Abstract

I wish to document the fact that, at least in some cases, it is possible to electively withdraw clozapine without relapse of (previously treatment resistant) schizophrenia by substituting another atypical antipsychotic for clozapine with a lengthy withdrawal period.
The possibility of successful withdrawal is important because it reduces the deterrent impact, for both doctors and patients, of the idea that commencing clozapine means accepting a life-time sentence (a commitment to monthly blood tests and endless acceptance of troublesome side-effects). Also, it is important for doctors to be aware that elective withdrawal, with no relapse of psychosis, is possible when ceasing clozapine becomes almost mandatory in the presence of medically serious complications.
Although much attention has been given to the association of clozapine with serious complications and to addressing obesity in persons using clozapine, there is no literature about the optimal mode of withdrawal. The dangers of abruptly withdrawing clozapine have been extensively reported (see Goudie [1] and Moncrieff [2]) but official advice concerning elective withdrawal (Approved Clozaril product information; Novartis Pharmaceuticals Australia, amended 12 June 2009) is simply that, in ‘planned termination’ of clozapine, ‘reducing the dose gradually over one to two weeks is recommended’. Previously (Stanitta et al. [3] and Berecz et al. [4]) suggested cross-tapering clozapine with an alternative antipsychotic over a few weeks.
More cautiously, extending the cross-over period to about six months to allow for a return to clozapine if symptoms escalate, over the last ten years I have successfully withdrawn seven patients who requested to be free of clozapine because of side-effects or because of their intolerance of the blood monitoring regime. These patients were selected, from about sixty patients whom I have maintained on clozapine for eighteen months or more, because their psychosis, and clozapine dose, had been stabilized.
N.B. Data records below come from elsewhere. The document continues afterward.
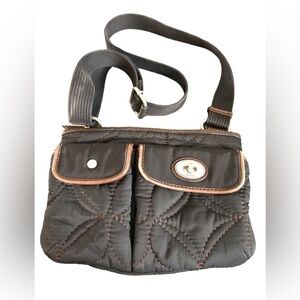 Fossil Key Per Quilted Black Crossbody Shoulder Bag Wide Strap Pockets 11X8”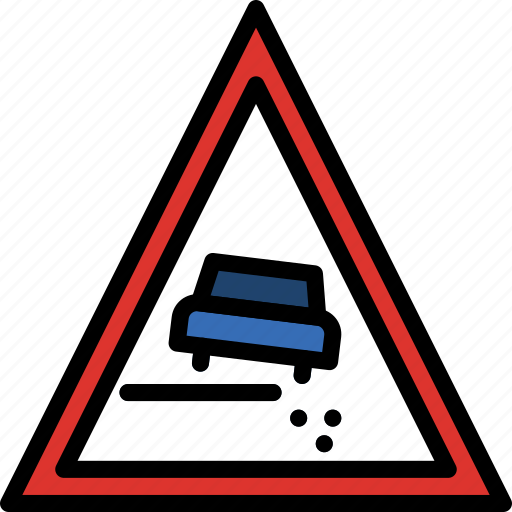 Road, sign, slippery, traffic, transport icon - Download on Iconfinder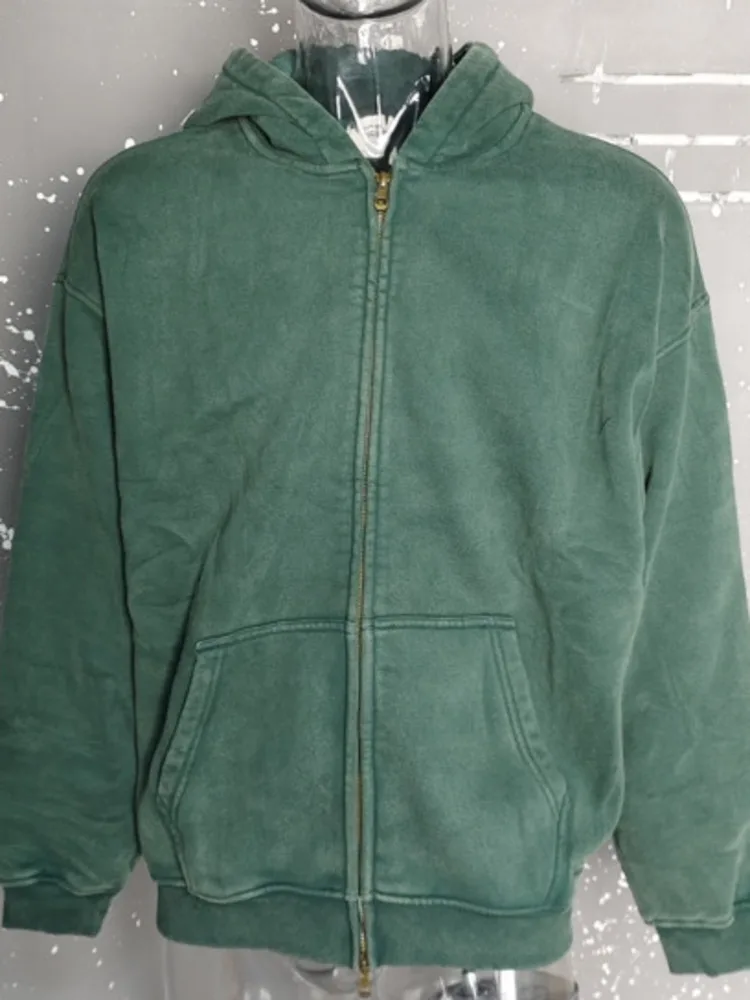 High Street Vintage Washed Distressed Hooded Zipper Sweatshirts Men's American Trendy Cardigan Oversized Outerwear 2IANT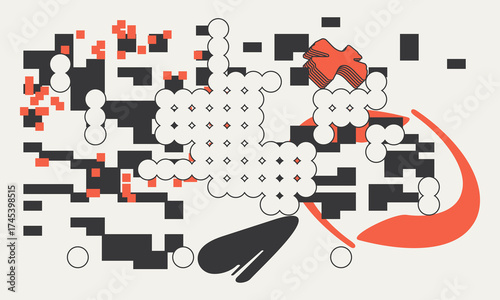 Minimalist abstract design with geometric figures and organic shapes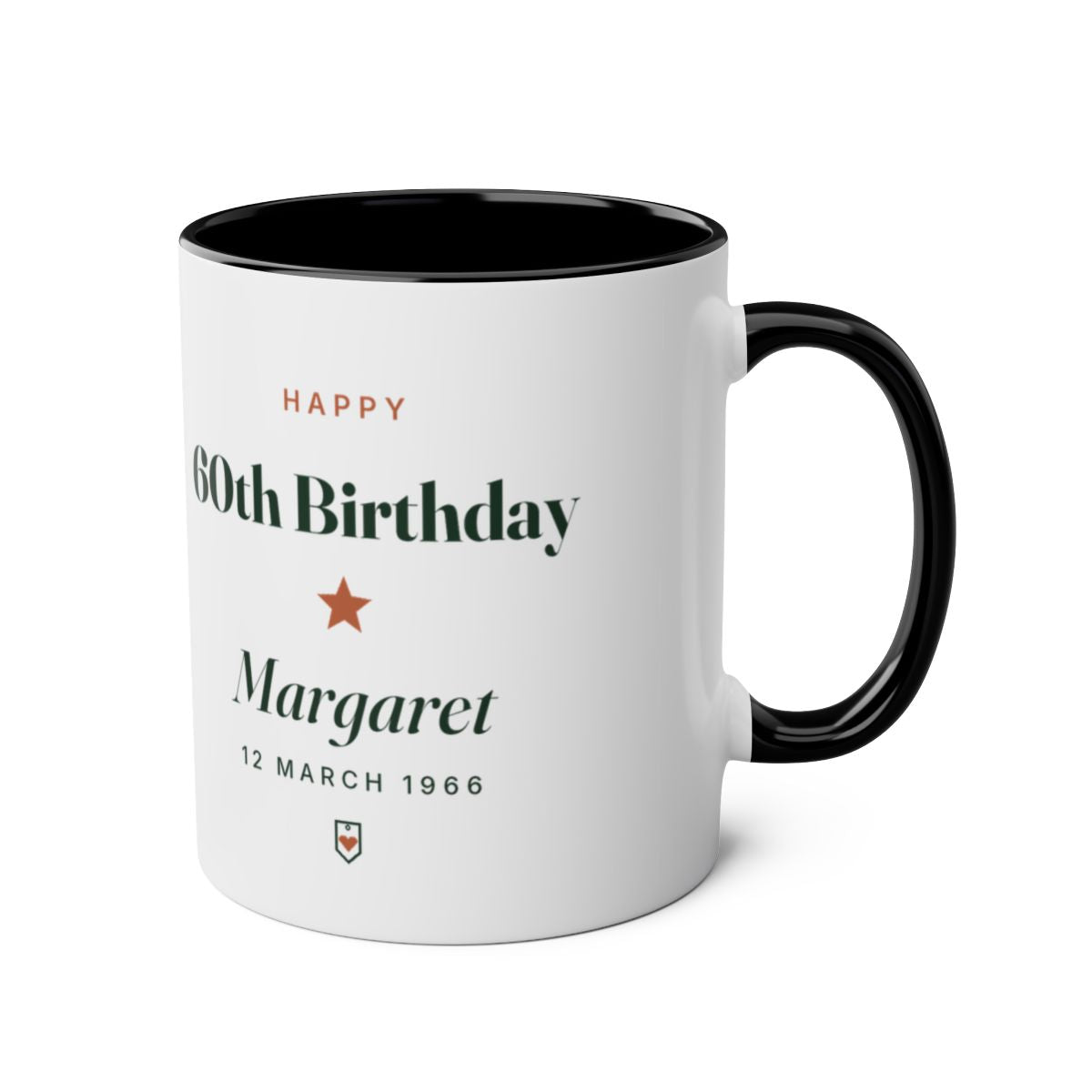 Personalised milestone birthday mug mock-up, black two-tone, handle on the right, with 'Happy 60th Birthday' and 'Margaret'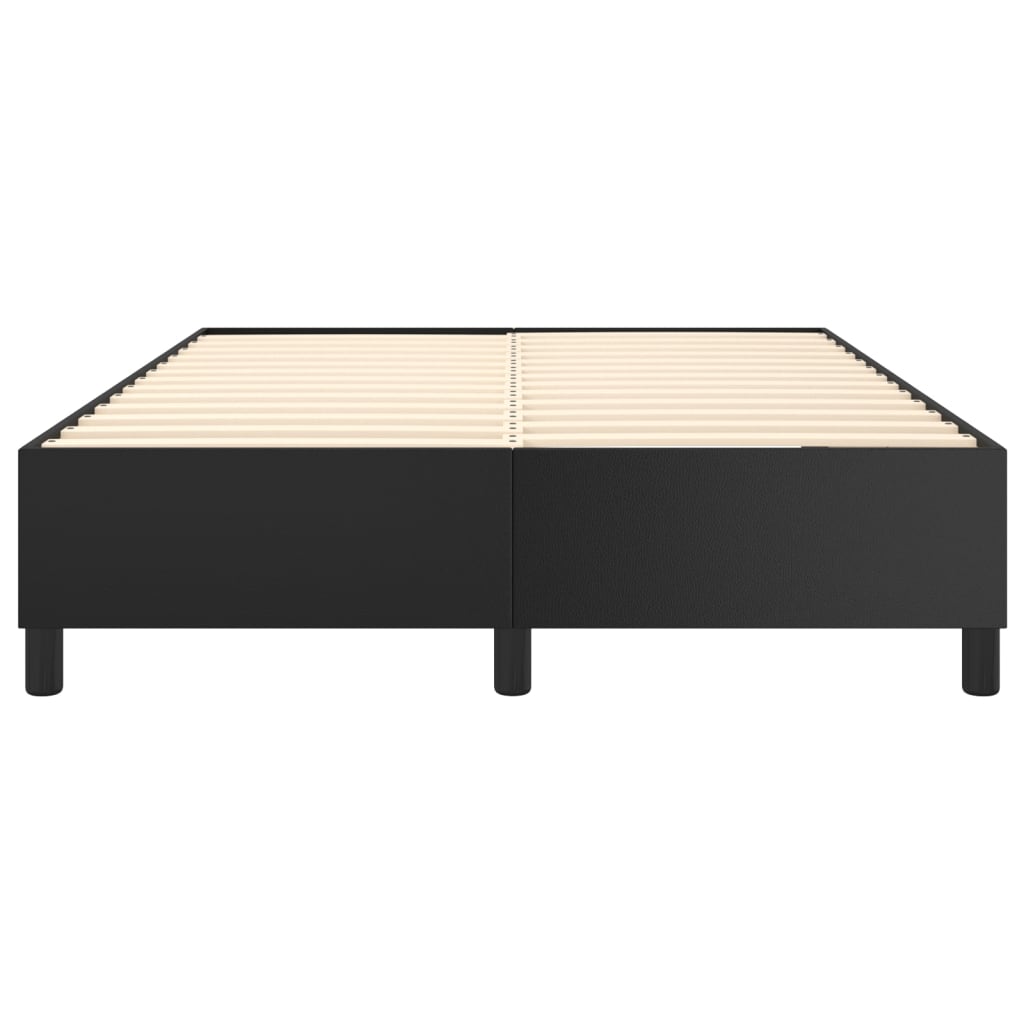 Box Spring Bed Frame Black 140 x 190 cm Faux Leather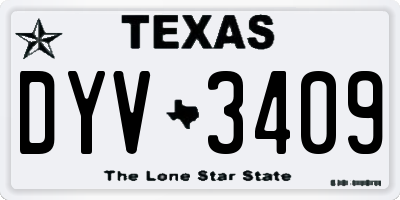 TX license plate DYV3409
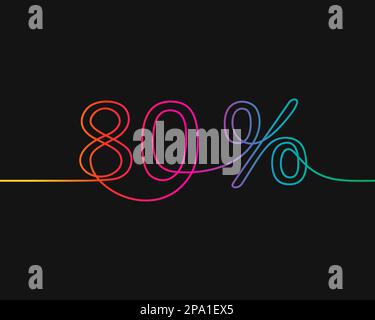 One line drawing of 80 percent discount, Rainbow colors on black background vector minimalistic linear illustration made of continuous line Stock Vector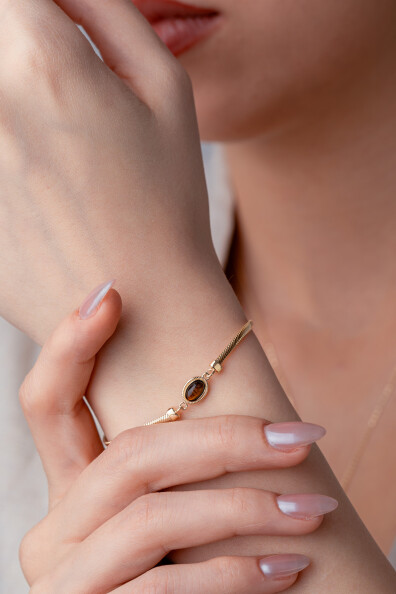 14 Ayar Altın Kaplan Gözü Balıksırtı Bileklik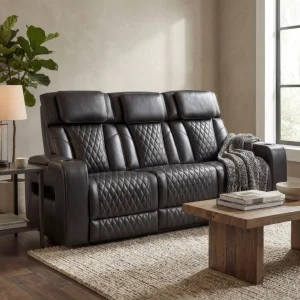 Suri Power Motion Sofa Collection: Black/Charcoal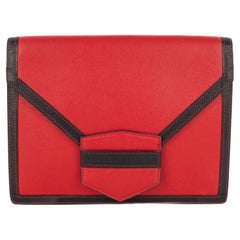 Morabito Black and Red Grain Leather Clutch Bag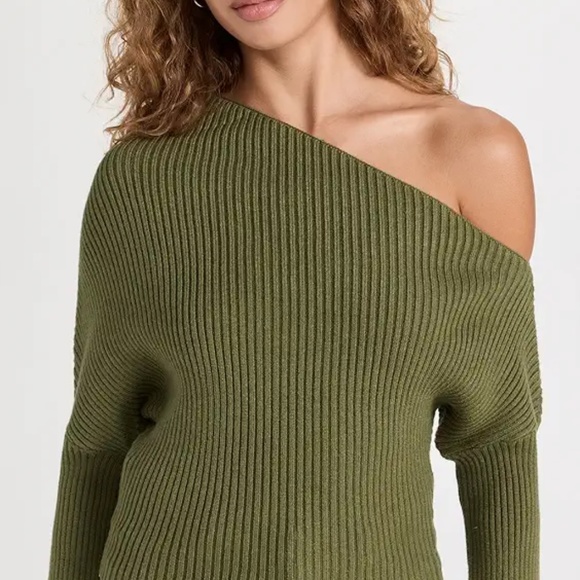 Line & Dot Blair Off Shoulder Sweater  Medium Olive Green - Picture 6 of 6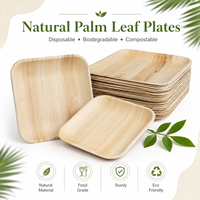 Assiettes jetables durables en feuilles de palmier, vaisselle naturelle en gaine d'arec pour restaurant ou usage domestique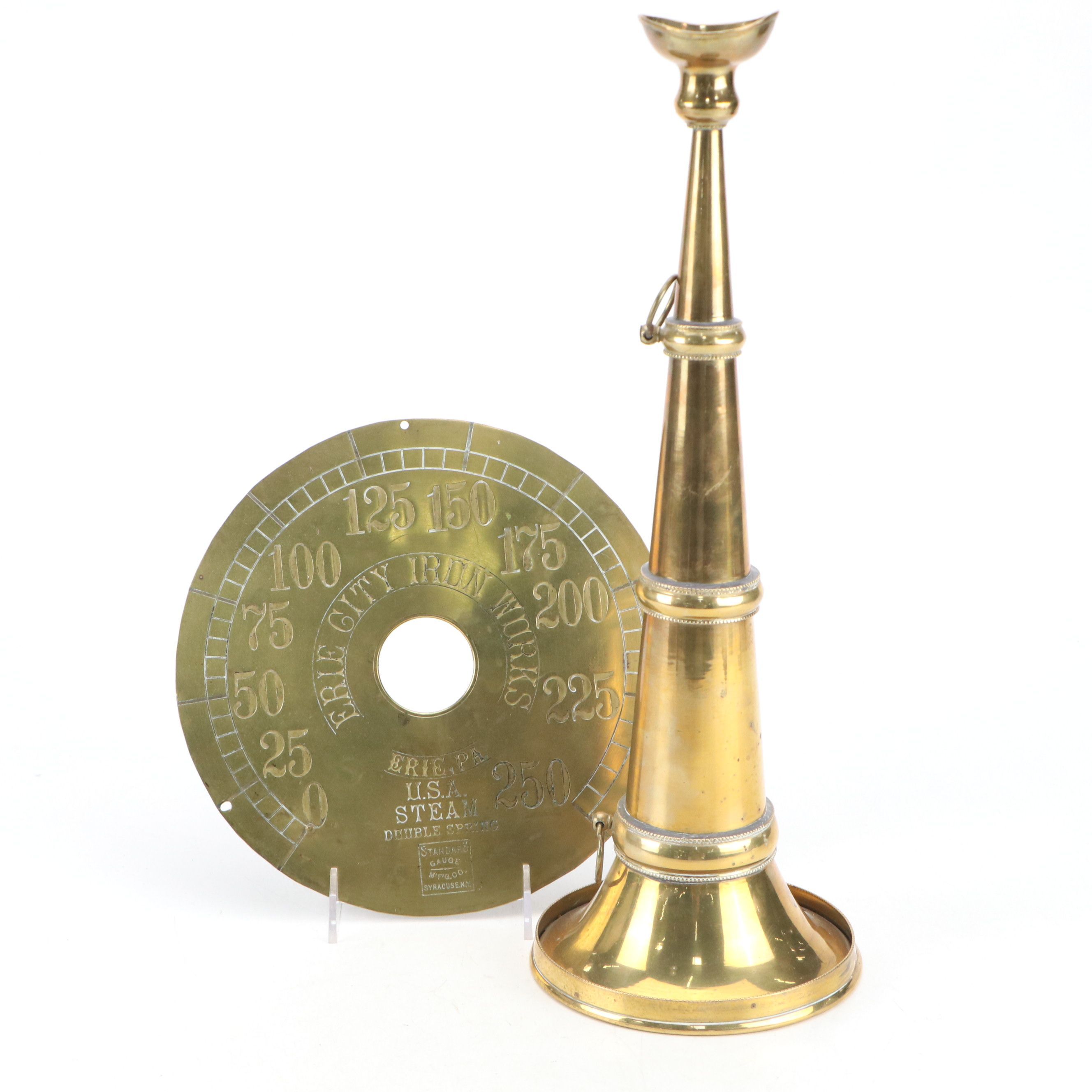 Brass Presentation Fire Horn and Pressure Gauge Faceplate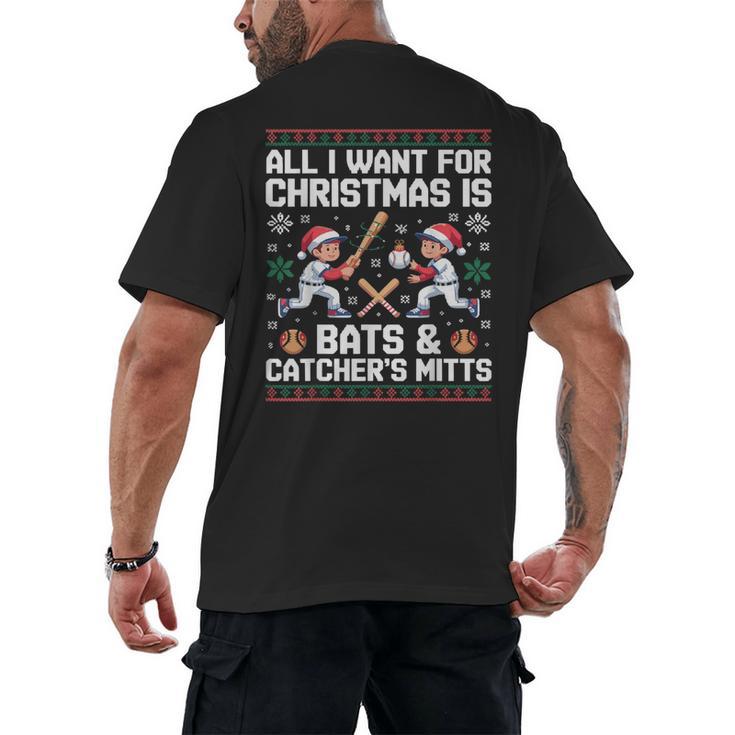 Christmas Baseball Bats Catcher Mitts Holiday Tee Men's Back Print T-Shirt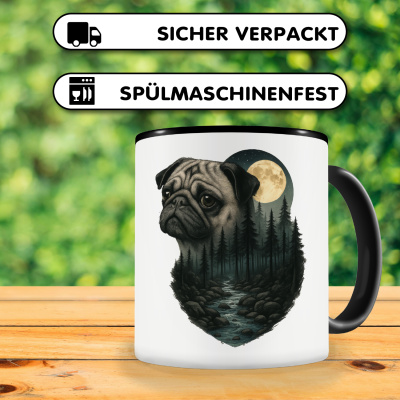 Tasse mit dem Motiv Mops im Mondlicht - Ansicht 4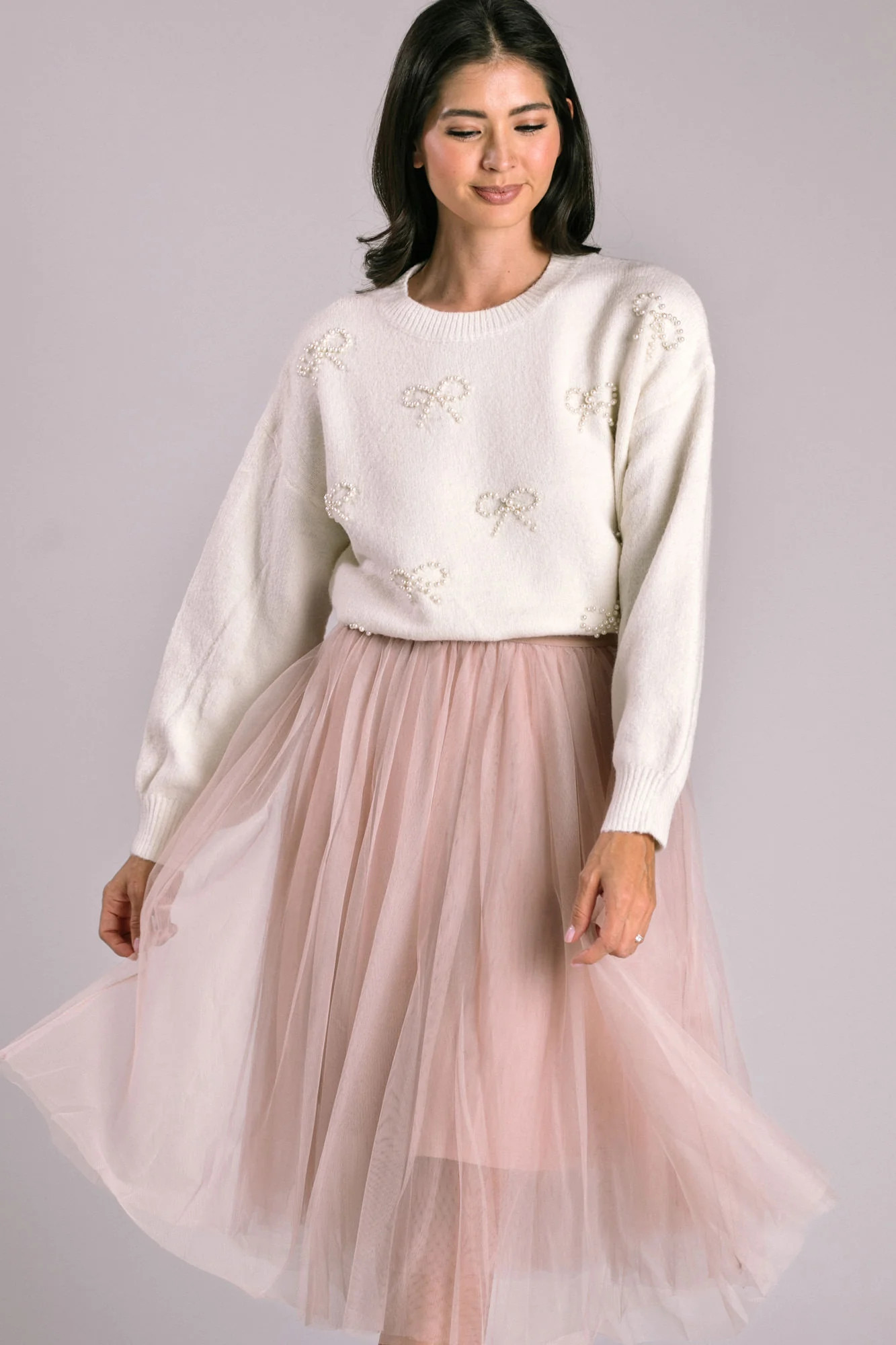 Portia Pearl Bow Sweater | Morning Lavender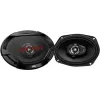 Difuzoare auto coaxiale JVC CS-DR6932 6x9 inch cu 3 căi, 500W peak, 70W RMS, woofer Carbon Mica, tweetere PEI, 4 Ohm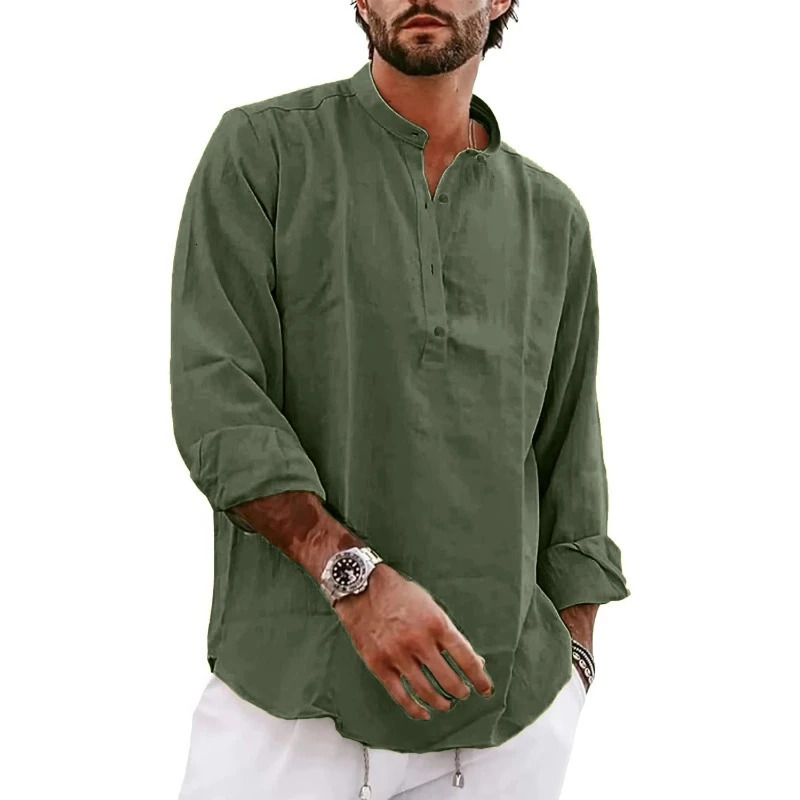 Mens Long Sleeve Cotton Polo Shirts Lightweight Oversize T Henley Beach for Men Breathable Solid Color Tops 250731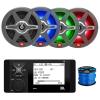 Marine Bluetooth AM/FM Stereo Digital Media Receiver, 4X 6.5 Multicolor LED OEM Replacement Speakers (White + Grey Grilles) w/Wire view 1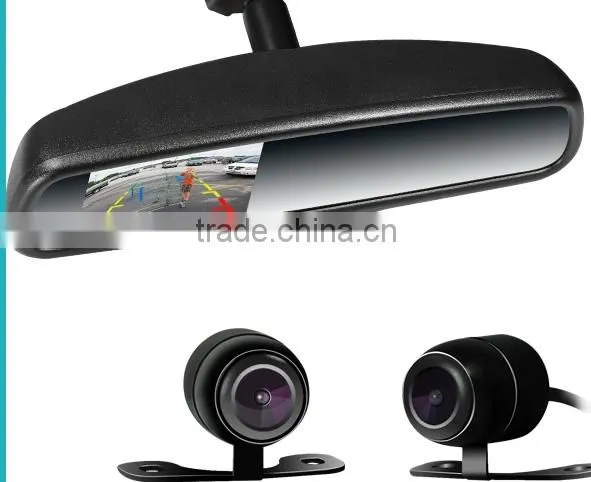 Auto Dimming Rear View Mirror With 3.5 Inch LCD Monitor Display and Auto Brightness Adjustment photo-2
Each patient had a well documented history of years of treatment-resistant psychosis, with exposure to a number of antipsychotics before embarking on clozapine. All did well whilst on clozapine and all have continued to do well since ceasing clozapine. In only one (very recent) patient has this process failed.
I used a range of alternative antipsychotics with no special preference, as there is no convincing evidence of differential efficacy.
I do not claim that my methods of patient selection and clozapine withdrawal are ideal. I hope, only, to interest doctors in the idea of withdrawal and attempts to define best practice.